ABC(LOS ANGELES) — Former Vice President Joe Biden said Wednesday night that a newly released summary of a call between President Donald Trump and Ukrainian President Volodymyr Zelenskiy from July seems to show Trump committed an impeachable offense when he repeatedly encouraged Zelenskiy to investigate the former vice president and his son.

“Based on the material that they acknowledge today, it seems to me it’s awful hard to avoid the conclusion that it is an impeachable offense and a violation of constitutional responsibility,” Biden said on Jimmy Kimmel Live Wednesday Night.

“The idea that someone would call a head of a foreign state, ahead of time withhold significant military aid that’s badly needed in order to prevent the Russian separatists that were in Ukraine from taking over Ukraine, and then ask, basically, can you cooperate with Rudy Giuliani, he’s coming over?” Biden said of the call.

“And the thing I learned — we learned, we all learned recently is that statement, that the 2000-word statement released was that [he] talked about getting the Justice Department engaged in this. I mean, it’s a — it’s such a blatant abuse of power that it just — I don’t think it can stand,” Biden said, referring to the revelation that Trump encouraged Zelenskiy to work with Attorney General William Barr on an investigation of Biden and his son, Hunter, on the call.

Biden’s comments mark some of his strongest remarks on impeachment yet, and go beyond his comments in a statement released earlier Wednesday, when Biden said Congress should “pursue the facts and quickly take prompt action to hold Donald Trump accountable.”

“My job is to go out and flat beat him,” Biden told Kimmel to applause from the audience. “I can’t let this distract me in a way that takes me away from the issues that really–the reason why I’m running.”

But Biden did acknowledge that if Donald Trump was not in the White House, he likely wouldn’t be a candidate in the 2020 race.

“If someone, if a decent man like Jeb Bush had won the Republican nomination, would you feel as motivated to run?” Kimmel asked the former vice president.

“I guess the honest answer is no,” Biden replied, saying it was the events of Charlottesville and Trump’s reaction to it that prompted him to run.
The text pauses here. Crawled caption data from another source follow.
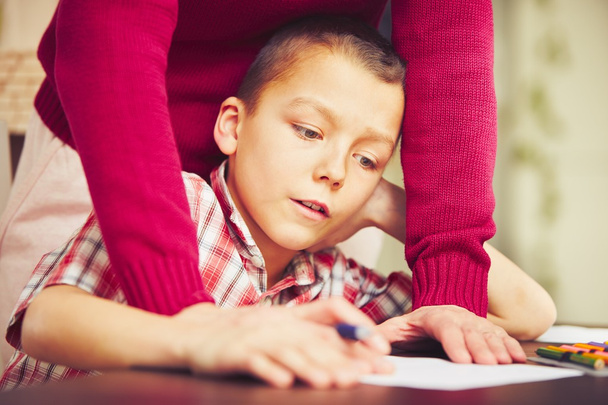 Boy is doing homework  - Fotografie, Obrázek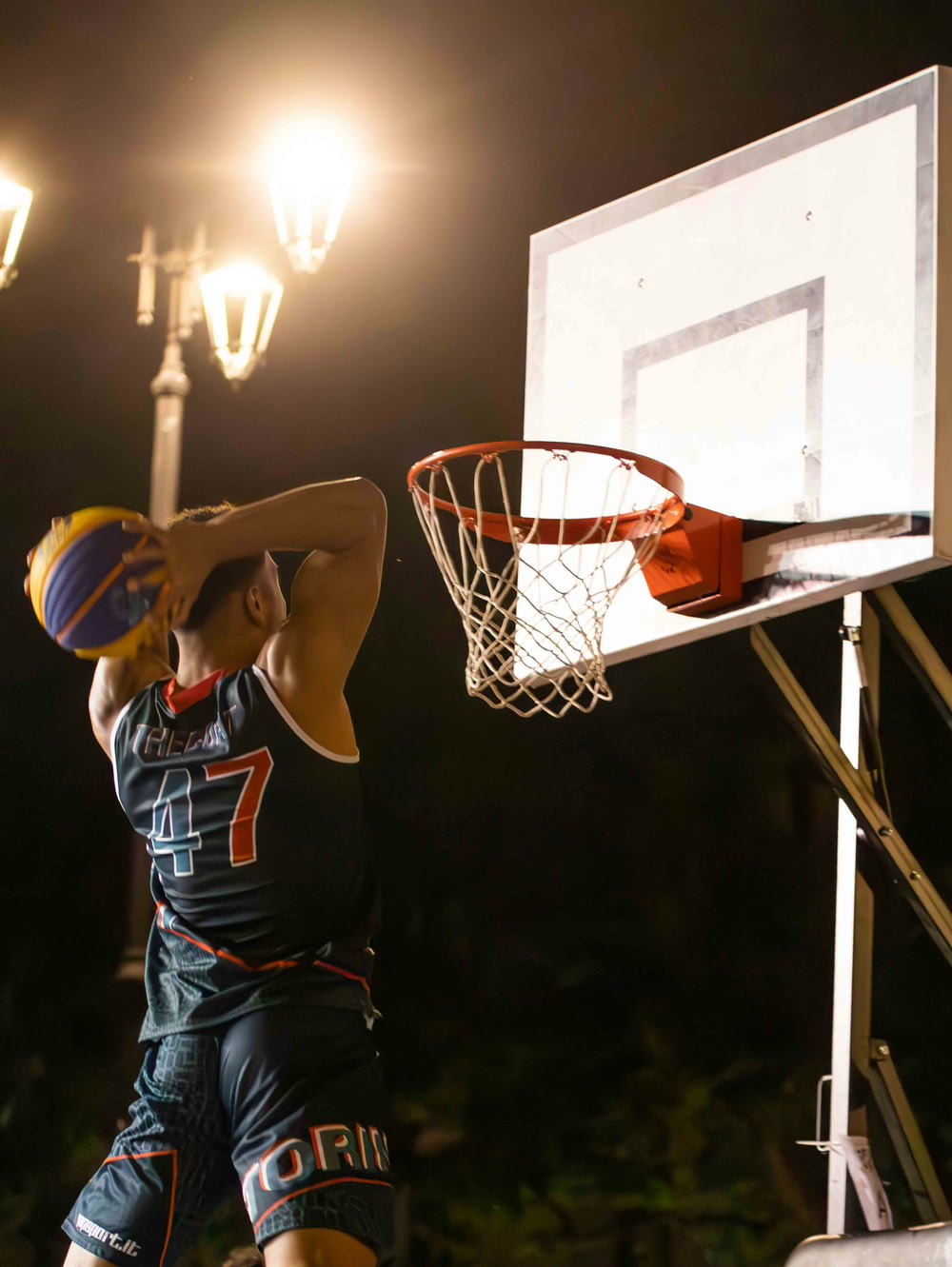 a basketball player is about to dunk the ball
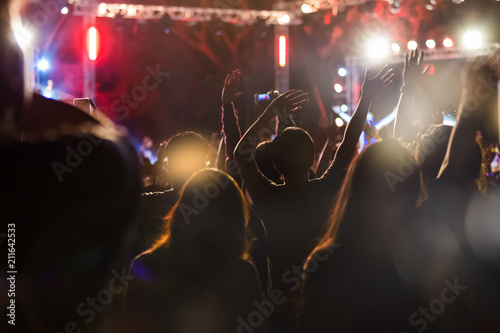 Audience take a photo on mobile phone at a free night concert music festival.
“The way that he’s trying to divide this country and the way he has pitted people against one another, and you saw, it didn’t just end, you know, with Charlottesville, look what happened in El Paso recently,” Biden said referring to the mass shooting that took place in August.

“This division in our country is just so devastating, so devastating for so many people, and it’s ruining our standing around the world in a way that is going to be hard to — look, we can probably handle for years, if he doesn’t get us into war in the next year — and I’m not being a wise guy, I’m not being glib saying that — but eight years of Donald Trump will fundamentally alter the character of this nation in my view,” the former vice president added.

Kimmel also pressed Biden on his pitch of bipartisanship and his ability to work with Republicans, which Biden often talks about on the campaign trail.

“Why aren’t more Republicans standing up and saying, ‘Hey, this is just, we can’t go along with this anymore?’” the late-night host asked.

“Donald Trump has sort of, he’s got the entire Republican Party,” Biden said. “And so if you take him on, everybody knows how vindictive he is and how he’ll go after you. And so there’s a great concern.”

Biden argued that it was the politics, not the political system, that was broken — and getting Trump out of office could offer a shot at a political reset.

“It’s gotten so mean and ugly and divisive that I just think with him gone, there’s a chance to breathe new life into what everybody knows has to be done,” Biden said.